I've read the wikipedia entry and a couple of tutorials and even programmed stuff that "uses fuzzy logic" (an edge detector and a 1-wheel self-controlled robot) and still I find it very confusing going from Theory to Code... for you, in the less complicated definition, what is fuzzy logic?

+3  A: 

Well, you could read the works of Bart Kosko, one of the 'founding fathers'. 'Fuzzy Thinking: The New Science of Fuzzy Logic' from 1994 is readable (and available quite cheaply secondhand via Amazon). Apparently, he has a newer book 'Noise' from 2006 which is also quite approachable.

Basically though (in my paraphrase - not having read the first of those books for several years now), fuzzy logic is about how to deal with the world where something is perhaps 10% cool, 50% warm, and 10% hot, where different decisions may be made on the degree to which the different states are true (and no, it wasn't entirely an accident that those percentages don't add up to 100% - though I'd accept correction if needed).

Jonathan Leffler
+1  A: 

The following is sort of an empirical answer.

A simple (possibly simplistic answer) is that "fuzzy logic" is any logic that returns values other than straight true / false, or 1 / 0. There are a lot of variations on this and they tend to be highly domain specific.

For example, in my previous life I did search engines that used "content similarity searching" as opposed to then common "boolean search". Our similarity system used the Cosine Coefficient of weighted-attribute vectors representing the query and the documents and produced values in the range 0..1. Users would supply "relevance feedback" which was used to shift the query vector in the direction of desirable documents.
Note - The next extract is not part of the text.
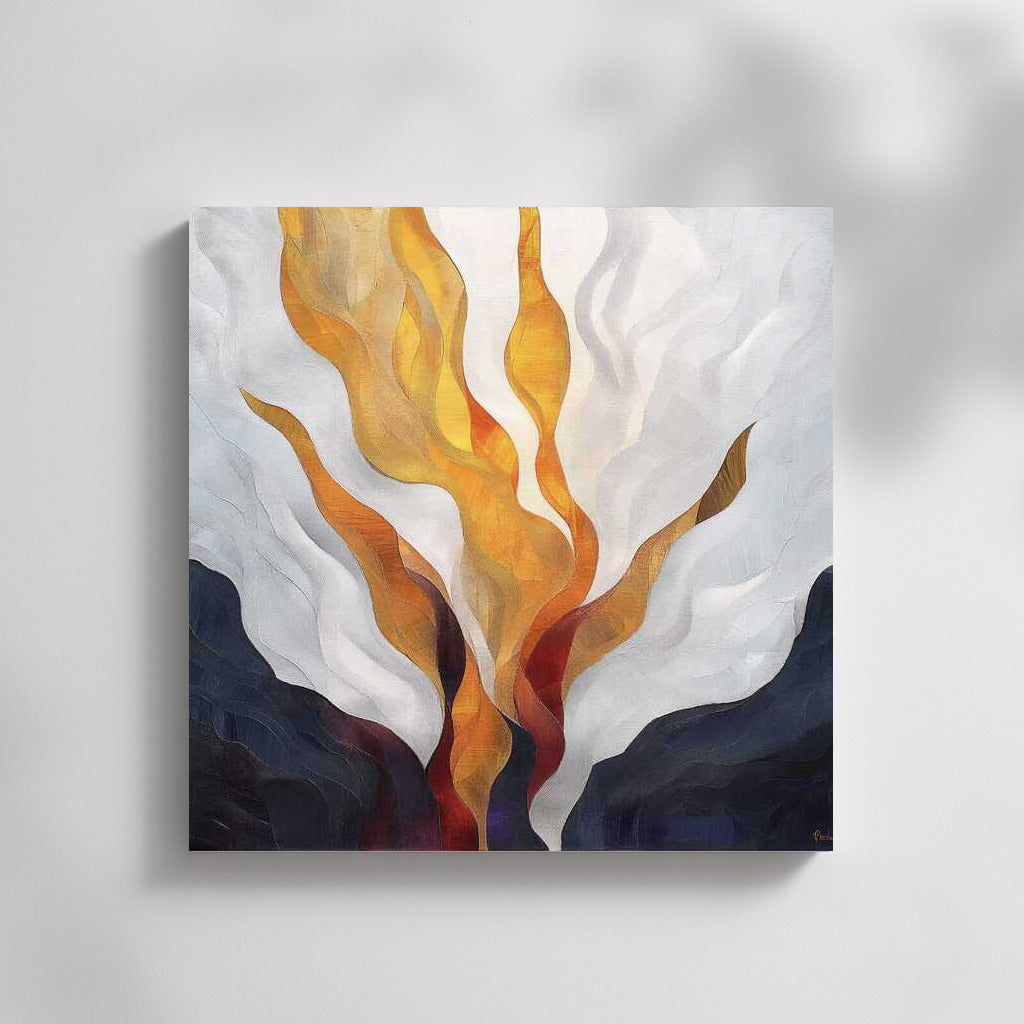 Golden Flashes of Fantasy: Abstract Light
This is somewhat related to the training done in certain AI systems where the logic gets "rewarded" or "punished" for results of trial runs.

Right now Netflix is running a competition to find a better suggestion algorithm for their company. See http://www.netflixprize.com/. Effectively all of the algorithms could be characterized as "fuzzy logic"

Peter Rowell
+15  A: 

Fuzzy logic is logic where state membership is, essentially, a float with range 0..1 instead of an int 0 or 1. The mileage you get out of it is that things like, for example, the changes you make in a control system are somewhat naturally more fine-tuned than what you'd get with naive binary logic.

An example might be logic that throttles back system activity based on active TCP connections. Say you define "a little bit too many" TCP connections on your machine as 1000 and "a lot too many" as 2000. At any given time, your system has a "too many TCP connections" state from 0 (<= 1000) to 1 (>= 2000), which you can use as a coefficient in applying whatever throttling mechanisms you have available. This is much more forgiving and responsive to system behavior than naive binary logic that only knows how to determine "too many", and throttle completely, or "not too many", and not throttle at all.

chaos
+2  A: 

Maybe an example clears up what the benefits can be:

Let's say you want to make a thermostat and you want it to be 24 degrees.


This is how you'd implement it using boolean logic:

  • Rule1: heat up at full power when it's colder than 21 degrees.
  • Rule2: cool down at full power when it's warmer than 27 degrees.

Such a system will only once and a while be 24 degrees, and it will be very inefficient.


Now, using fuzzy logic, it would be like something like this:

  • Rule1: For each degree that it's colder than 24 degrees, turn up the heater one notch (0 at 24).
  • Rule2: For each degree that it's warmer than 24 degress, turn up the cooler one notch (0 at 24).

This system will always be somewhere around 24 degrees, and it only once and will only once and a while make a tiny adjustment. It will also be more energy-efficient.

Wouter van Nifterick
Both are implementing boolean logic - what happened to fuzzy logic?
Jonathan Leffler
Where's the fuzzy logic?
Mohit Nanda
With "for each degree, turn up one notch", I mean that the system gradually works harder when the temperature rises further away from 24 degrees, instead of entirely switching on or off.That's where the fuzzy logic is. Am I missing something?
Wouter van Nifterick
+2  A: 

I know what you mean about it being difficult to go from concept to code. I'm writing a scoring system that looks at the values of sysinfo and /proc on Linux systems and comes up with a number between 0 and 10, 10 being the absolute worst. A simple example:

You have 3 load averages (1, 5, 15 minute) with (at least) three possible states, good, getting bad, bad. Expanding that, you could have six possible states per average, adding 'about to' to the three that I just noted. Yet, the result of all 18 possibilities can only deduct 1 from the score. Repeat that with swap consumed, actual VM allocated (committed) memory and other stuff .. and you have one big bowl of conditional spaghetti :)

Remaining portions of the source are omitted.